Data is the basis for many products like Google Maps, without it these products would not exist. Consider the phone book for your city, it has phone numbers for the businesses in the city. Phone books have now migrated to the web, providing the same data to the public as in the printed version. Showing a list of phone numbers on a website is pretty simple though.
The real value is in the data itself, showing a list of information isn’t anything special. What if you wanted to make your own website or app using those phone numbers? You need that data, but it's not made available in a public API that anyone can use. To get the data you'll need to build your own scraper.
What is a scraper?
A scraper is a program that pulls webpages down and parses them to find information. Generally if you go to a website and can see some data that you’d like to grab, you can scrape it. To see how this works, you can visit any website, right-click somewhere on the page and hit View Page Source. That will show you the raw HTML, if you can find the data you’re looking for in there then you can scrape it.
How does it work?
You can break down the process of scraping a website into two steps. First you need to get the raw HTML from the web page you want to scrape. Usually you can use cURL but it will depend on what language you’re using. The second step is where you actually parse the HTML to find the data you want. To do this you should use regular expressions (regex), a common format to express patterns. You use these expressions to define the pattern you are looking for.
For example, let’s say that you want to make a website for wine recommendations. But to do this you need a database of wines, and you know there’s an existing site with the data you need. To start you should look at what URLs you will need to be hitting to get the data you want. So if there’s a page that lists all the wines like
winedatabase.com/list?p=1 you can save that in your scraper. You may be able to get their full wine list by iterating through the pages of wine. So start at
winedatabase.com/list?p=1 and keep adding one like so
winedatabase.com/list?p=2, until you get to a page that has no more data on it.
Then to get the details for each wine, use a page like this
1233 is the ID of the wine you want details for. This is something you would’ve had to scrape when you got the list of wines. Once you have that, run your scraper and you’ll have the full wine database.
As I mentioned, regular expressions define patterns to search for. These can get quite complicated, but most patterns you need to look for can be set up using similar patterns. As an example, take this section of HTML that might exist on
<h1 class=”wine_name title”>Meursault</h1>. Looking at this I could do a quick search of the page to see if there’s anything else that uses the
wine_name class. Once I have confirmed that it’s only used for wine titles, I can include it in my regular expression. In PHP my regular expression might look like this:
What I have done here is break the pattern into three groups using the parentheses. The first group is what comes before what I’m trying to capture (the wine name). The second group is the wine name itself, and the third group is what comes after the wine name. The first and third group together define where the wine name is. We don’t want to include them in our result though, we want the wine name.
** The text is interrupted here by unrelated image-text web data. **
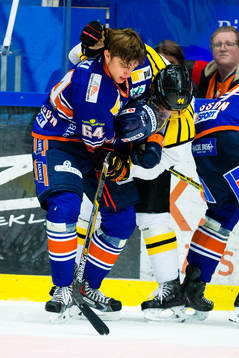 Växjös Eric Martinsson tappar hjälmen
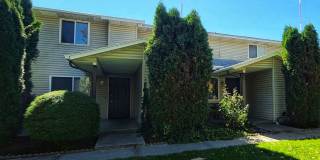 Charming 2 bedroom 1 bath townhome available! Gallery 24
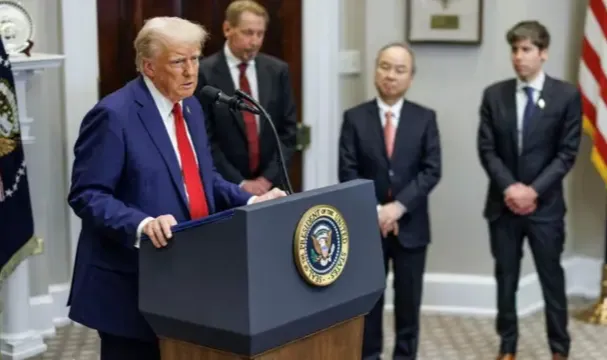 Trump Husiler ve İran'ı hedef aldı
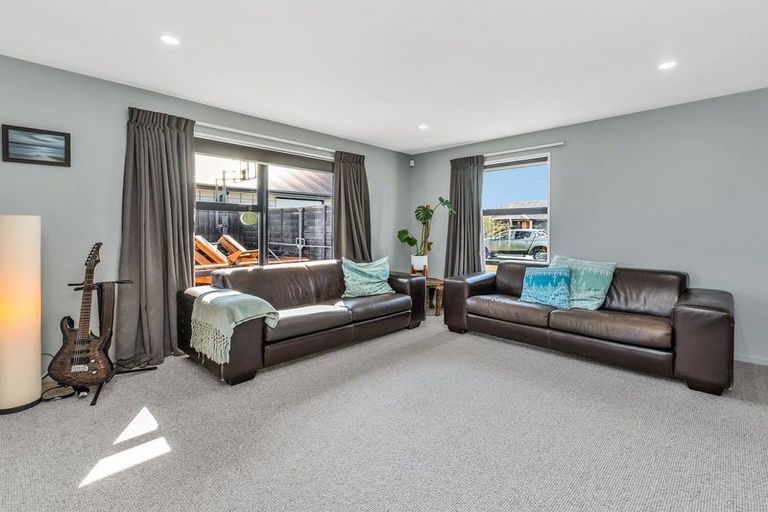 Photo of property in 15 Chimango Place, Rolleston, 7615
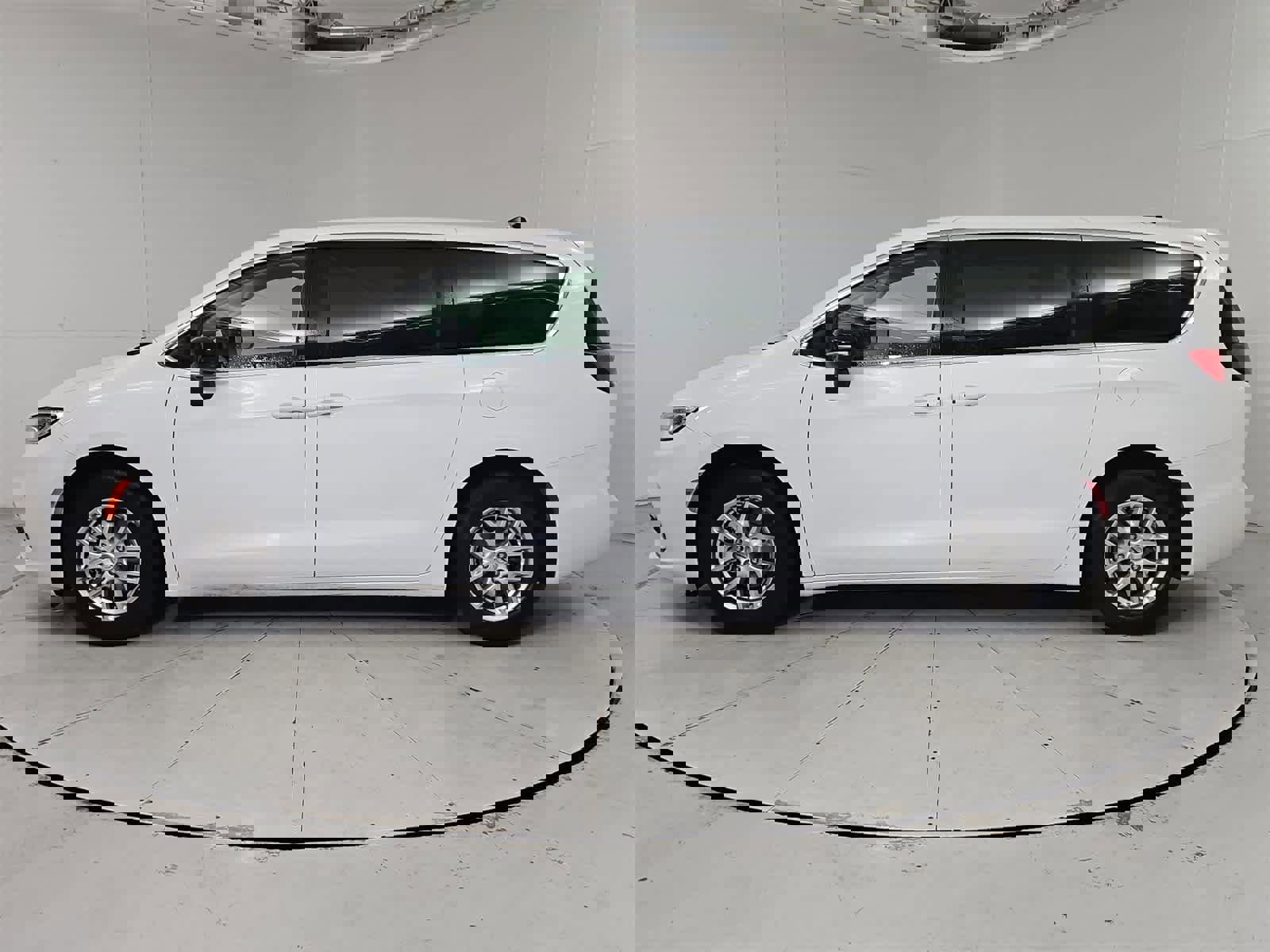 Used 2024 Chrysler Pacifica Touring-L image 3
The two characters together
?: at the start of the group make it so the group is not included in the result. The dot character
. substitutes for any character (A-Z, 0-9, etc.). The asterisk
* means that the previous character (in this case
. so it can be anything) can repeat zero or more times. Also, when a question mark
.*? follows an asterisk
* it means it will stop at the first match. Since the regular expression looks like this
.*?> it will stop at the first
> it finds.
So the result of the first group would be
wine_name title”>. Followed by the wine name in the second group
Meursault. Then in the third group
<. Ignoring the first and third group, we end up with the wine name
Meursault which is exactly what we wanted. Applying this regular expression to the entire page will get us every wine name.
Issues with scraping
In the ideal scenario, the website you want to scrape from will have a straightforward layout. But in reality it’s not always that easy. The site’s layout could change at any time, breaking whatever patterns you had created. This can be annoying and will happen to your scraper at some point. These changes could make your scraper too unstable to be of any use.
The worst scenario is that the site changes, but your pattern starts matching something else. It would seem like your scraper is still working, but in reality it’s saving garbage data. Maintaining the scraper is the biggest drawback, they’re best suited for sites that don’t change very often or ever. But sometimes if you want that data there’s no other way to get it.
It’s also possible for websites to protect against scraping through a variety of means. This means you first need to get around these protections if you want to even try to scrape their data. Generally speaking, it’s possible to break through most protections. It comes down to how much time you want to spend on the project. Even if you do manage to break through, they can always add new protections. So your scraper could break at any moment. Although if you only need to run your scraper once in awhile, it may not matter.
Sometimes it works, sometimes it doesn’t
While building a scraper is not very difficult, the main issue is that you can't prevent it from breaking. It’s impossible for your scraper to adapt to all changes made to the website you’re scraping. This could be from simple design changes on the site, or from protection to block scrapers.
But if you can get it working, the data you get could be very valuable. Also, since it’s not a public API then nobody else will have access to it, making the barrier to entry higher. Once it’s setup it can pay dividends for a long time to come with little maintenance. This all depends on the site you’re trying to scrape from, you’ll have to decide if it’s worth the effort to get the data you want.